What is more — and this is a very helpful way to see our passage in its context, what leads up to it and what follows after — in 52:13-53:12 we have the most explicit Servant Song followed by, what one writer calls “two tailpieces,” viz. chapters 54 and 55.
In 49:6 we read that the Servant of the Lord will do two things: he will restore Zion, Israel to its true covenant with the Lord, and he will bring the Gentiles also, bringing God’s salvation to the end of the world.
After the most complete and explicit account of his work as the Servant in 52:13-53:12, we have, in the following two chapters, these two results described: the restoration of Israel in chapter 54 and the salvation of the nations in 55 (note v. 5). In these great achievements, also, he fulfills the great messianic prophesies of the early chapters of Isaiah: He will reign on David’s throne and over his kingdom, but the result of that will be that the knowledge of the Lord shall cover the earth as the waters cover the sea.
Much more could be said in setting this text in its context, but time fails to say more.
Let me conclude this introduction to our text this morning by commenting on the central role it serves in the rest of the Bible and, especially, in the New Testament.
I. First, it is the Bible’s central summary of the life and work of Jesus Christ.
Indeed, it is not too much to say that the Four Gospels are simply a commentary on this text. For example, when the Lord, after his resurrection, met the two disciples on the road to Emmaus, he rebukes them for not understanding what had happened.
“How foolish you are, and how slow of heart to believe all that the prophets have spoken! Did not the Christ have to suffer these things and then enter his glory?” [Luke 24:25-26].

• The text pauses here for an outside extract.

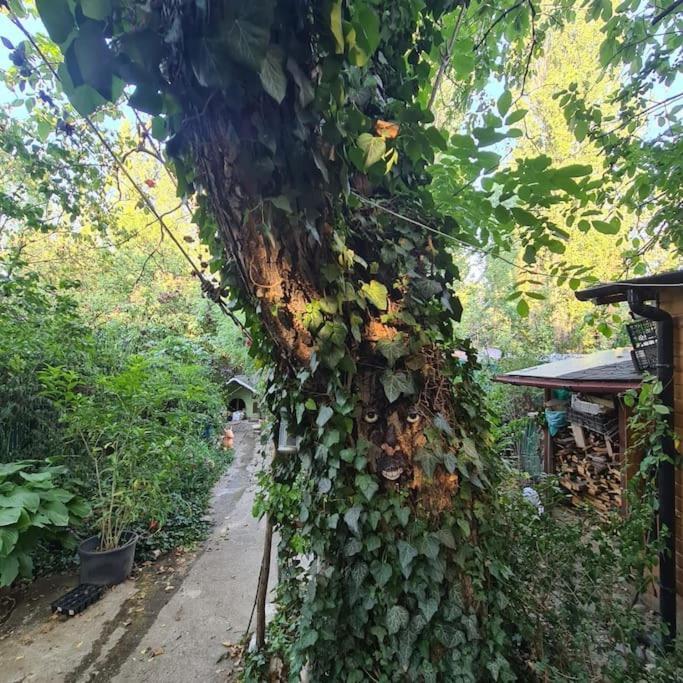 Mansarda Boema, Gradina De Basm * Bucharest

This point, that the Messiah must first suffer and only then enter his glory, mentioned so often in the Gospels, is never more clearly stated than here in Isaiah 52-53. But, not only in this general way, but in its specific details, this text outlines the mediatorial career, the redeeming work of the Lord Jesus, from his obscure birth and origins, to his ministry to the people’s needs (the first part of 53:4 is quoted in the Gospels as a prophecy of his healing ministry, e.g. Matt. 8:17), to his rejection by his people, his crucifixion, his burial, his resurrection, and his session at the Right Hand of God where He intercedes for those he has redeemed. The text we have read is cited many times in the NT and is alluded to even more times. In the index of OT texts cited or alluded to in the NT which one finds in the back of the standard text of the Greek NT, there are 46 references, that is, 46 places where the editors of the Greek NT either found a verse or verses from Isaiah 52:13-53:12 actually quoted — word for word — or alluded to in the NT. Forty-six separate places in the NT where a reference to this text is either explicitly made or seems clearly to lie beneath what a NT author is saying. It would take too much work to survey the entire index, perhaps one of you may want to do this, but I cannot imagine that there are very many other chapters of the OT referred to more often in the NT than this one.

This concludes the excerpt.